FOND memories of post-war Weymouth are explored in a childhood memoir written by an award-winning poet.

Andy Miller, who grew up in Weymouth but now lives in Derbyshire, looks back on his early life on a council estate in his book, The Naples of England.

Andy, who moved to London in the mid 1960s and later to the Midlands, said it’s a book about growing up.

“I always felt very pleased to have come from Weymouth. I loved it there. As a child it was very safe, and as an adolescent it was very interesting, very challenging.”

The late 60s were an ‘exciting time’ in Weymouth, he added.

“You would get a lot of Bohemian visitors, people sleeping out on the beach, but there was a real innocence about it. I remember an article in the Dorset Echo in around 1964 reporting on these strange long-haired youngsters who came drifting into town.”

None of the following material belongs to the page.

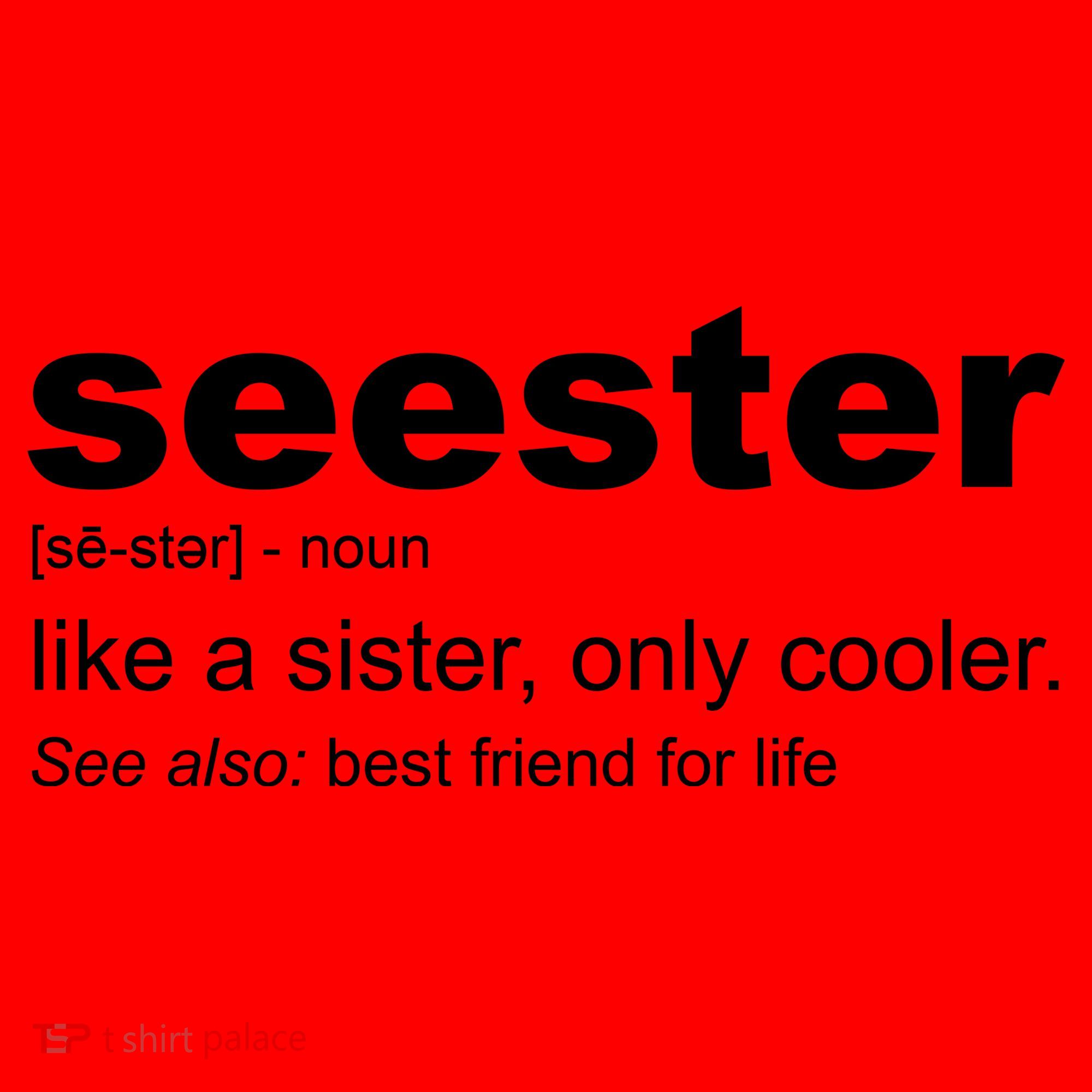 Seester Definition Like A Sister Only Cooler Santa Hat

Andy’s parents, he says, ‘knew everyone, it being a small town’, and his journey in the book takes him from childhood, to Weymouth Grammar School, to university, via a job in a seafront hotel where he met a waiter who would expand his intellectual horizons.

It was the wild landscape which also formed the basis of Andy’s dreams of becoming a writer.

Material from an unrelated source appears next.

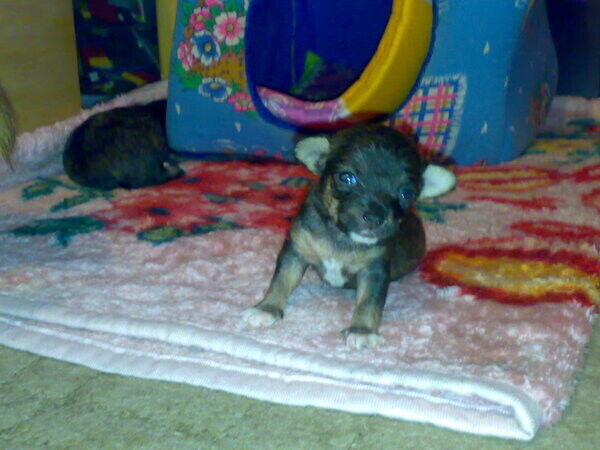 ���� 20307006 ������� ��������, 50 ���, ���� ���������� � ������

He said: “My dad took me and my brother to Chesil Beach at Fortuneswell. I was reading J. Meade Faulkner’s Moonfleet at the time and I remember it being quite traumatic as it hit me how real that landscape is. That was the first time I decided I wanted to try to put that emotion into writing.”

But it’s not all sentimental nostalgia as Andy explores the darker side of the town.

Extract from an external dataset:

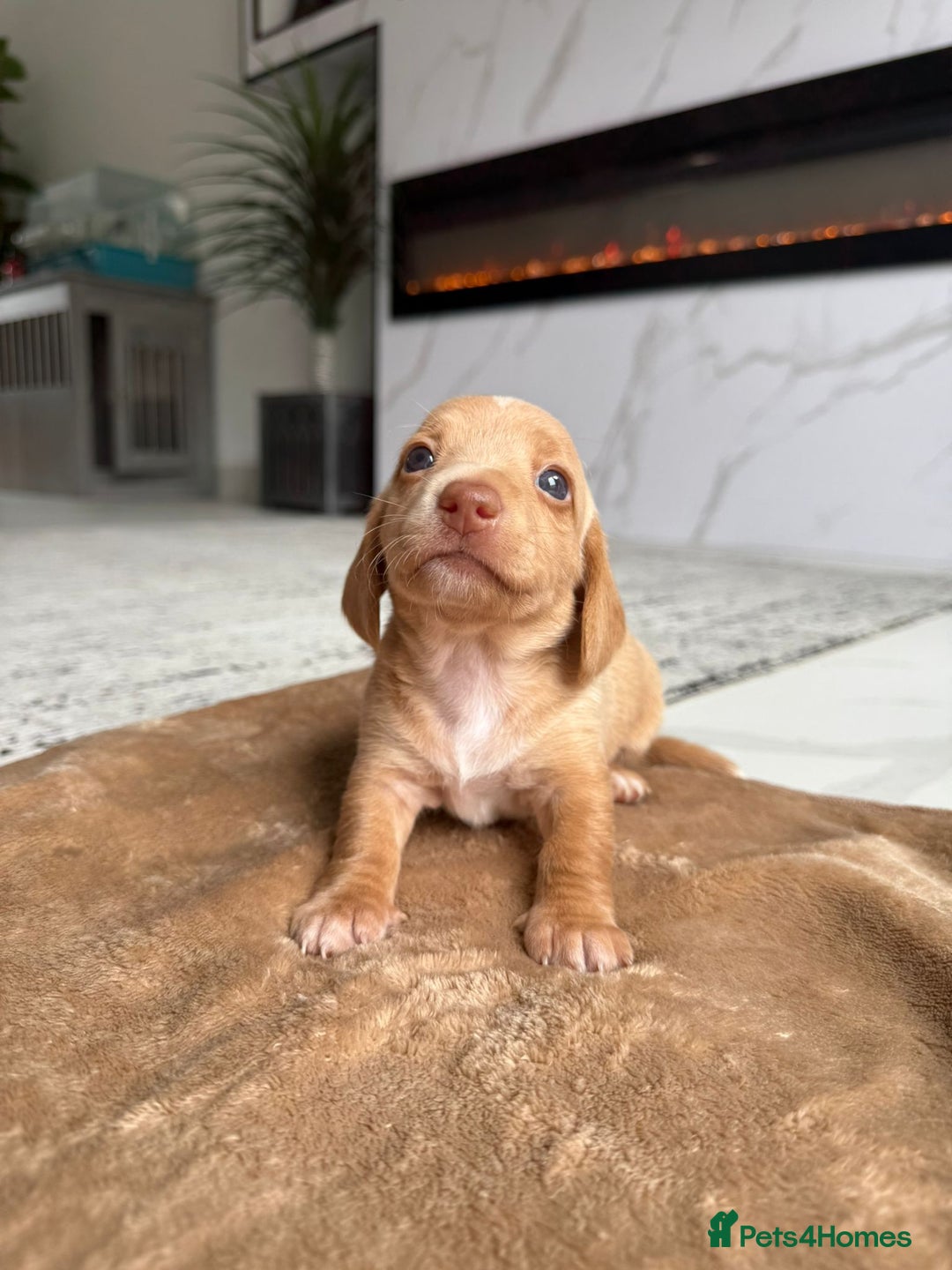 Miniature Dachshund dogs for sale: Miniature daschunds - Image 1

“There were two girls who lived around the corner from me who became teenage prostitutes. I don’t know what happened to them. Names have, obviously, been changed.”

After leaving Weymouth, Andy went on to become a special professor of Educational Psychology at the University of Nottingham.

He has won awards for his poetry, and was writing a novel when he began the memoir.

“All these autobiographical episodes somehow kept working themselves into the novel, and it became a side-project.”

The Naples of England is out now and published by Amcott Press.